The tongue-in-cheek quality of the werewolf story also appears in the fairy-tale takeoff, “The Hands of a Princess.” The hands of the title are not dainty and deft with an embroidery needle, as one might expect, but large, competent and legendary as lesbian sex organs. The princess’ mother, the Queen, had similar hands and a similar reputation among her servants and bodyguards. Will the princess really enter a diplomatic marriage with the man who was chosen for her? Or will she subvert an official tradition in order to continue enjoying “personal services” from the women who serve her? The answer is not hard to guess.

The title “Medusa’s Touch” is misleading, since it seems to refer to the Greek myth of Medusa, the snake-haired monster who turns men to stone. The story by that name, however, contains no magical man-hating dykes. The “medusas” are hair-like wires that are embedded in the brains of space pilots, who can use them to fly spacecraft by their thoughts alone. The author is a computer specialist, and the technology in this story could be seen as a more exciting version of the kind she deals with in the real world. In the story, an amoral dyke pilot-for-hire explains with a leer that the medusas can be used for more than official work. As in other space operas, the central characters must survive by their wits during the Corporate Wars.

A more obvious spoof of spy stories is “The Old Spies Club,” in which the repeated attempts of the two central characters to take each other out of the game is their version of flirting. Loathe to give it up when they reach retirement, a group of them have set up the club of the title.

Arguably the darkest and most gripping of these stories is “Emily Says,” which was previously published in an anthology of literary erotica. Emily is an invisible, irresistible lover who continually distracts the narrator from caring that her relationship with an actual woman (who has human limits) is quickly going downhill along with her life. Like a stranger picked up in a bar, Emily has no last name and no personal history that she is willing to reveal, but the narrator is unable to hang onto her sensible reservations in the face of overwhelming pleasure. The real-life girlfriend’s anguish is palpable.

“By the Winding Mere,” which reads like a prose ballad, conveys the flavor of oral history. The narrator is the daughter of a family of warriors, the only survivor of a battle over coveted territory with a rival clan. The battle-maiden must seek the witch who can heal her if she wishes to live, but she is very conscious of her duty to avenge her male relatives, who lie unburied until she can return to them. The witch, however, has an alternative value system, and she challenges the narrator’s concept of “honor” much like a pacifist feminist confronting a military dyke. Is it really honorable to kill and risk being killed? Is there no better way for a strong woman to avenge her slaughtered kin than by shedding more blood? The narrator herself has no answer for those questions, but she vows to find one.

The final story, “An Evening in Esteli,” raises similar political questions in the realistic context of Nicaragua in 1988, where an international swarm of leftist volunteers have come to support the popular regime.
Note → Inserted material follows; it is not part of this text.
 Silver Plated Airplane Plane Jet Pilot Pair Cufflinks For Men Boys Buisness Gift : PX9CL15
In an atmosphere of hope, solidarity and risk, a lesbian volunteer from New York is fascinated by a multiracial, multicultural woman journalist who grew up in “the States and Spain” and has lived in “many other countries.” A wall mural showing women coffee pickers with hopeful expressions serves as an icon for the New Yorker, who hopes that her relationship with the glamorous woman-of-the-world can also ripen and bear fruit.

In general, this collection shows a remarkable range. All the stories contain sexual heat in various degrees, but following the trajectory of each plot to find out what happens next is such a pleasure in itself that using these stories simply as masturbation material would be to miss out on the distinct appeal of each one. This book is highly recommended, and would make a good gift for any fan of lesbian erotica.
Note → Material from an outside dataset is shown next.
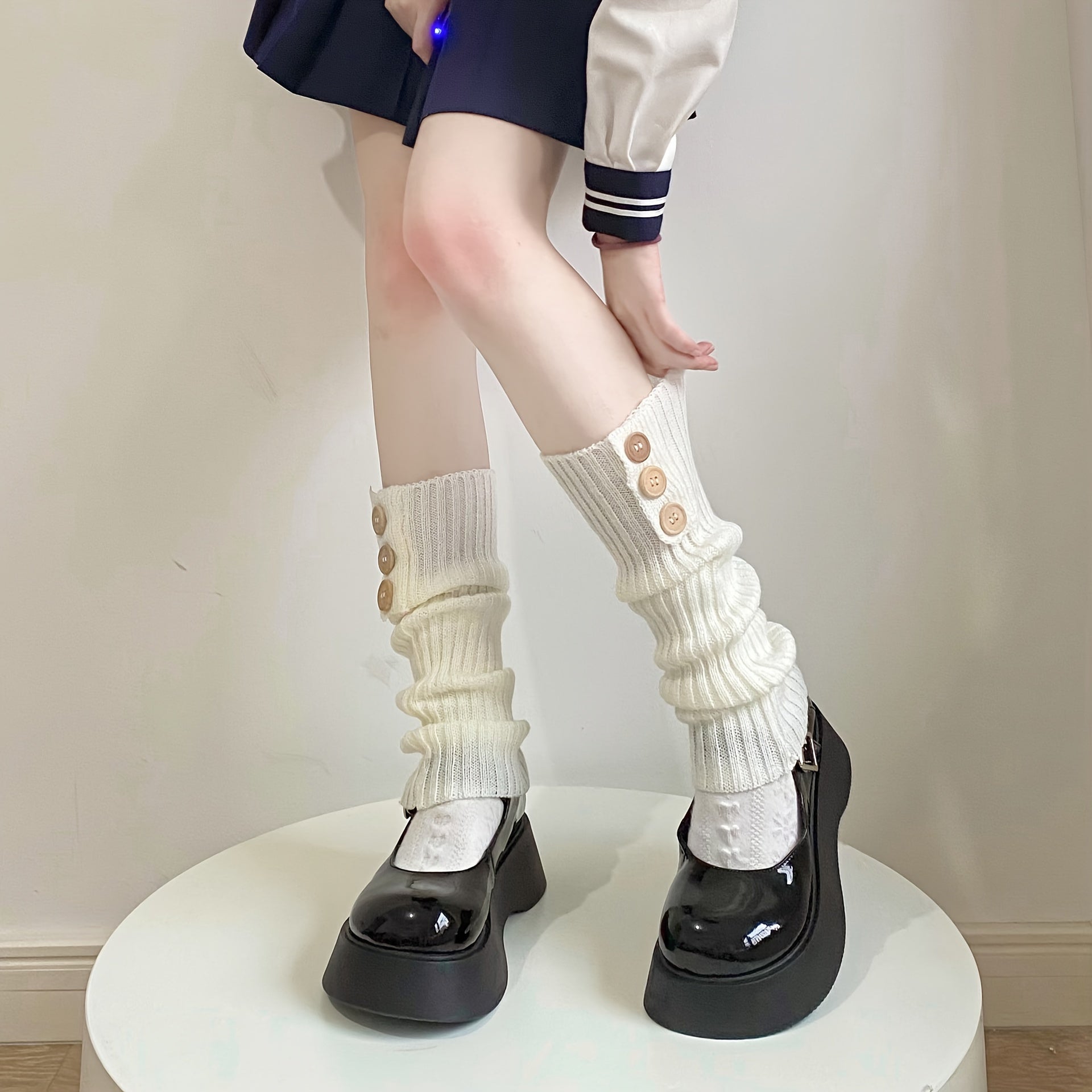 Ribbed Leg Warmers Buttons Decor Socks Women's Stockings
Night's Kiss: Lesbian EroticaNight's Kiss: Lesbian Erotica
By: Catherine Lundoff
Lethe Press
ISBN: 1590210344
February 2009





Reviewed By: Steven Hart

Much has been made of the fact that hetero males are captivated by lesbian images and behavior. You bet.  I would add that I am particularly captivated when it comes to a collection of stories like Night’s Kiss by Catherine Lundoff.  No one could fail to be charmed by at least half of these stories, which are rich with authentic flirtatiousness.  In other cases, you may find yourself not only fascinated as well as disgusted – in the most pleasurably disgusting sorts of ways – by some of the gamier ones. 

On the other hand, when her characters want to be charming they are positively and genuinely cute.  As any girl will tell you, genuine cute is not easy to do, nor does it undermine strength of character. The total package in this little book is a series of often strange and unusual settings replete with the most convincing and appetizing sex.

In fact it would be reasonable to assume that there won’t be a dry pair of panties, drawers, or thongs on anyone in the house where this book is read, regardless of the gender of the readers.  There is truly someone or someTHING for everyone -- in this regrettably slim volume -- from hot vamps to vampires and even an entity that may have beamed down from hitherto undiscovered parts of the solar system.  There is even a zaftig pirate-lady complete with bad breath, who engages in pratfalls while subduing her wayward lover.  Well, don’t all pirates have bad breath?

Ms. Lundoff has two important gifts that make her work exceptional. The first is that she builds a real sense of environmental atmosphere whether she writes about the streets of Florence, the weather in Paris, the surreal tackiness of Vegas, or some sewage-strewn alley in 19th century London.  The smells, tastes, and sights of the world shape her characters’ responses to their environment so that we experience them too.  That draws us into the romantic/erotic/sexual event whether it proves to be arousing, appalling or, as is often the case here, both. 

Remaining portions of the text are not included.